What caught my eye so far

Yesterday vRA 8 got released. At first look it has changed quite a bit from previous versions of vRA.

  • There is no longer a need for a Windows plan, this is in line with what VMware in general is changing the last few years.
  • You now need an external Identity manager, there is no longer one built into the vRA appliance.
  • The product is delivered as 9GB iso file which includes the identity manager, vRA and Lifecycle Manager. The last bit shows that we are moving closer to the Cloud Foundation packaging, but also that LCM is getting to be a more serious application for handling the upgrading of your VMware applications.
  • All vRA components must be deployed in the same subnet.

There are still small and large as deployment options. Both solutions requires IDM, vRA and VLMA. For large you need 3x vRA appliances and 3x Identity manager appliances. plus a load balancer for IDM and a load balancer for vRA

Orchestrator is included in the vRA deployment as usual, but you have the option to deploy an external Orchestrator component, if you should want to. It is recommended though to use the embedded vRO component.

NTP should be synced to the same clock, VMware recommends UTC+0.


Requirements:

vRA requires 8 vCPUs, 32 GB of RAM and 136 GB hdd space.

Identidy manager requires 2 vCPUs, 6 GB RAM, and 60 GB space.
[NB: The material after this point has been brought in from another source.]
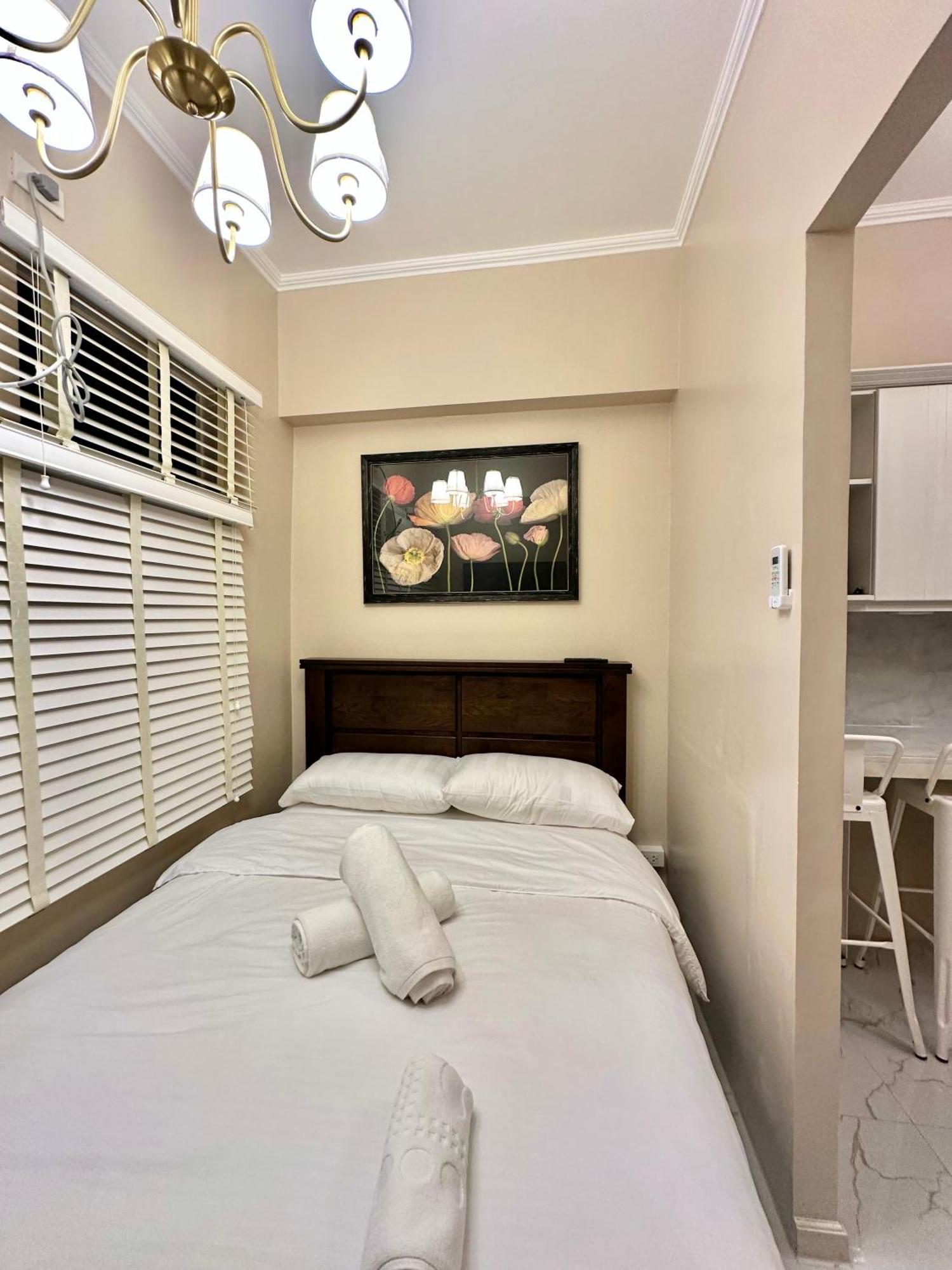 Two Condominium, Alabang Pastel -fiber Wi-fi Netflix Ready Muntinlupa City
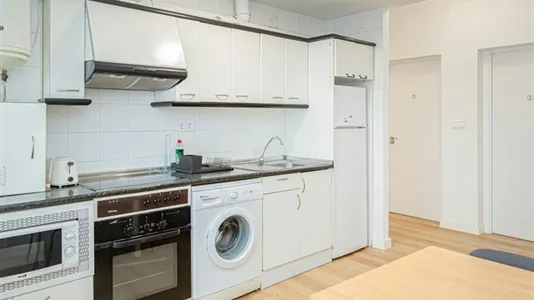 Rooms in Zaragoza - photo 9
The Lifecycle manager reqires 2 vCPUs, 6 GB RAM and 33 GB space.

This means that for a minimal deployment you need 12 vCPUs, 44 GB RAM and 229 GB disk space.

For a large deployment (minus the LBs) you need 3 x vRAa + 3 x IDM + 1x LCM, which equals to : 32 vCPUs, 120 GB RAM, and 621 GB harddrive space.

Supported load balancers: NSX-V, NSX-T, F5 according to the load-balancer guide.